The answer must consist of each line of the records below that contains the string "parameters".

<<<<

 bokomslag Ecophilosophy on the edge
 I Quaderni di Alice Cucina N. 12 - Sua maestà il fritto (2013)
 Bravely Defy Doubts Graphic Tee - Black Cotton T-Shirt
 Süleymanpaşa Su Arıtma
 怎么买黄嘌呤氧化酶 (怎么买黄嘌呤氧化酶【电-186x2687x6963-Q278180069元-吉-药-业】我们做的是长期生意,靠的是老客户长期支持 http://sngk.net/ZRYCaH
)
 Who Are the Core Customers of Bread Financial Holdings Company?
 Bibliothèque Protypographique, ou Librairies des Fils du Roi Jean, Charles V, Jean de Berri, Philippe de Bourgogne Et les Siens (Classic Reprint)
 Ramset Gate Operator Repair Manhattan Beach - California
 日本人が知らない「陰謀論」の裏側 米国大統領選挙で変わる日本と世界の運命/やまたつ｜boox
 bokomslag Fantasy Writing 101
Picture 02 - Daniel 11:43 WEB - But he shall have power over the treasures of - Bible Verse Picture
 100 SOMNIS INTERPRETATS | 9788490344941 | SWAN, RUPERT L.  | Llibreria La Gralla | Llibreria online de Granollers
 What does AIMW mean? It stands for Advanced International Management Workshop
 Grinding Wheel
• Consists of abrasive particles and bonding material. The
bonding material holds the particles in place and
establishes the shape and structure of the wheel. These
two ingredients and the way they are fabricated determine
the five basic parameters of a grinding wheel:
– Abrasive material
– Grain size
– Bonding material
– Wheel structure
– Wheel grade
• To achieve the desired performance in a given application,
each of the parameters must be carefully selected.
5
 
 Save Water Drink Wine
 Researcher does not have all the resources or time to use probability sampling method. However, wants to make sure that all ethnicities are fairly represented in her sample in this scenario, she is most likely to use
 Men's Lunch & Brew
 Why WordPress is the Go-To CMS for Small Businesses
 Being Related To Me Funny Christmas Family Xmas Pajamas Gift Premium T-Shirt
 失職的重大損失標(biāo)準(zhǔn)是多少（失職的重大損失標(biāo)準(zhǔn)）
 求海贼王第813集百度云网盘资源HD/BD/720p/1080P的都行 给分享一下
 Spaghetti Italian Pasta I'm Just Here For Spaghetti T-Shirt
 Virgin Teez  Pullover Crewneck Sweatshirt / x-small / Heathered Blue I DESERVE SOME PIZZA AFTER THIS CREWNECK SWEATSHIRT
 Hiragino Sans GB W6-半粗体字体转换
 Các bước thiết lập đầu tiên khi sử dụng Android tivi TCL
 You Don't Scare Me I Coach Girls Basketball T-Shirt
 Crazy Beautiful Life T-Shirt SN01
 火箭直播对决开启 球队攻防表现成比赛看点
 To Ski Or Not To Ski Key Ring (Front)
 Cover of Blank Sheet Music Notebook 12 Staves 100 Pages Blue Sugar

>>>>

EXERCISE RESULT =>
the five basic parameters of a grinding wheel:
each of the parameters must be carefully selected.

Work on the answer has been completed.